L'altermondialisme est né de la mondialisation telle qu'elle commence à être perçue dans les années 1990. En 1994 la guérilla zapatiste du Chiapas sort de sa forêt au moment où entre en application l'accord continental de libre-échange Alena. Elle servira de pierre de touche à la résistance antimondialiste.

Deux regards. Pour définir ce qu'est la mondialisation, plusieurs regards sont possibles. Sous le regard géopolitique, en surplomb, la terre entière est mise en examen dans ses relations internationales. Pierre de Senarclens, professeur à l'Université de Lausanne, vient de publier Critique de la mondialisation aux Presses de Sciences-Po, Paris 2003. Il porte l'analyse sur les défaillances contemporaines de la régulation internationale, montrant de manière saisissante ce que le monde a perdu à cet égard depuis 1989. L'autre regard est tourné vers les retombées humaines subjectives du phénomène. Le marché met à vif les nerfs et parfois les chairs économiques, sociaux, culturels et même spirituels des sociétés humaines par des vagues de dérégulation. Les Etats, les partis, les intellectuels, les pays riches sont plutôt du côté du premier regard. Nombre d'ONG, les mouvements sociaux, les "ethnies", les paysans sont plutôt du côté du regard subjectif. Depuis la grand-messe Porto Alegre 2002-2003, l'antimondialisation est devenue l'altermondialisation.

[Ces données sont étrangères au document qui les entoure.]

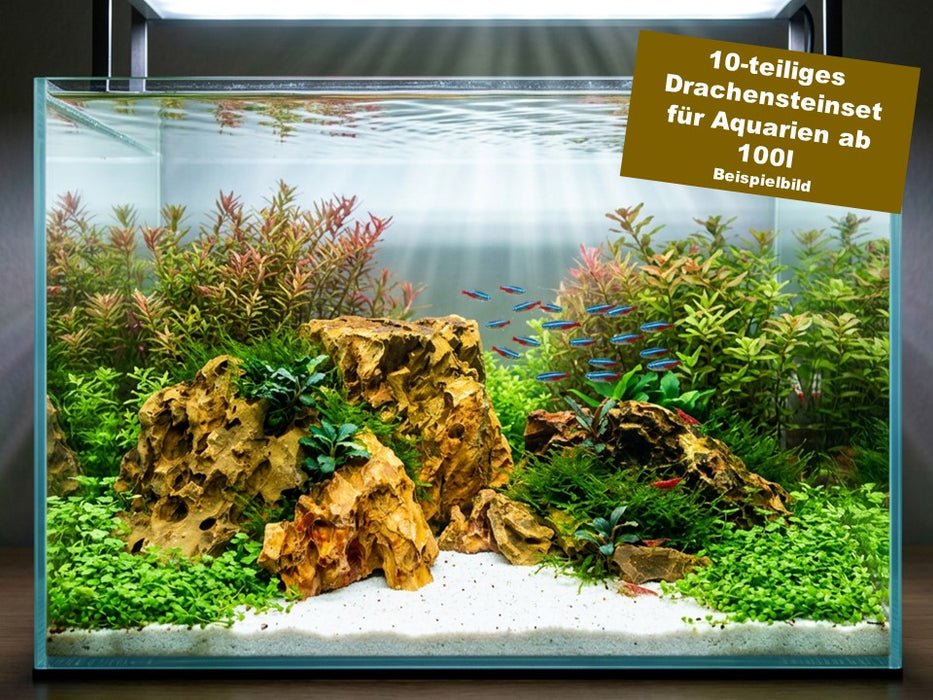 NEU - Drachenstein-Set für 100l Aquarium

Genèse. Il est plus facile d'esquisser une genèse de l'altermondialisation que d'en écrire l'histoire ou même la chronologie. Tant les organisations contestataires sont nombreuses et forment une forêt impénétrable de sigles.

La première source idéologique de l'altermondialisme se trouve dans le marxisme. Abattue en 1989, cette pensée, qui a marqué comme aucune autre le XXe siècle, n'a cependant pas rendu les armes devant le Mur de Berlin. Pierre Bourdieu parmi d'autres annonçait dès les années 90 qu'il faudrait restaurer la pensée de Marx et qu'elle avait de l'avenir. L'altermondialisme repose sur la conviction opiniâtre de la doctrine communiste que le capitalisme mourra un jour de ses excès.

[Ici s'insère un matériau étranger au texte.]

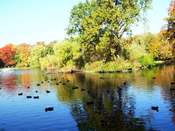 Picasa <SAMSUNG DIGITAL CAMERA>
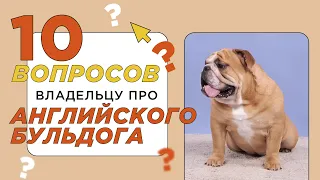 10 вопросов владельцу про английского бульдога: характер, храп и содержание в квартире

Le gauchisme des années 70 aura été le véhicule privilégié de la pensée marxiste, fécondée par l'éclatement des sensibilités alternatives (1975-85). Quatre mouvances tiers-mondiste, écologiste, féministe et pacifiste se partagent la scène. Elles ont en commun de refuser la pente dominante du capitalisme, de chercher au minimum à le réformer et peut-être davantage. La sensibilité alternative, on le comprend dans les années 90, ce n'est ni le capitalisme ni le communisme, mais une autre voie que l'on va chercher dans l'altermondialisme. Le zapatisme écolo-guérillero-communautariste du Mexique donne le la en 1994.

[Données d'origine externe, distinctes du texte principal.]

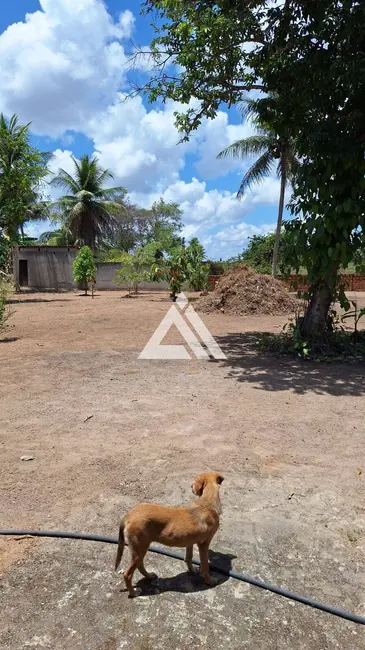 Foto 3 de Chácara com 4 quartos à venda, 30492m2 em Feira De Santana - BA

A partir de la chute du Mur, l'antimondialisation s'organise non pas comme un résidu de ces pensées, mais comme une culture politique de synthèse qui s'articule en plusieurs refus: contre la "financiarisation" du capitalisme moderne, contre les échanges et l'inégalité structurels du monde entre le Nord et le Sud, contre le laminage des modes de vie, des cultures et des communautés, contre les effets incontrôlés de la science et de la technologie. Les valeurs positives sont celles du progressisme classique: la solidarité et l'égalité sociale passant devant la liberté.

La structure. L'organisation de la galaxie altermondialiste est sans doute ce qu'elle a de plus original. Hubert Landier, sociologue à Paris et responsable d'un organisme de Veille sociale, insiste sur un point: l'altermondialisme est la quintessence de l'organisation contemporaine en réseau. Cela veut dire qu'il n'y a pas une tête de la galaxie mais de multiples, que les rameaux sont variables et renaissants, que les mots d'ordre et les objectifs sont mouvants tout en se montrant opiniâtres. Enfin que le réseau est difficilement identifiable en tant qu'ennemi ou même partenaire: toutes les organisations le représentent, d'Attac à Greenpeace, mais personne n'est formellement mandaté.

Il y a donc une fluidité et une souplesse des structures, note M.Landier, qui s'oppose sociologiquement à l'Occident d'avant 1989: ses généraux entraînés à en combattre d'autres, ses entreprises fortement hiérarchisées, ses modes de faire qui valorisent la vitesse et l'accélération, alors que l'altermondilisation se présente comme un retardateur qui dit halte à l'inflation du monde, voir les sit-in et autres défilés interminables.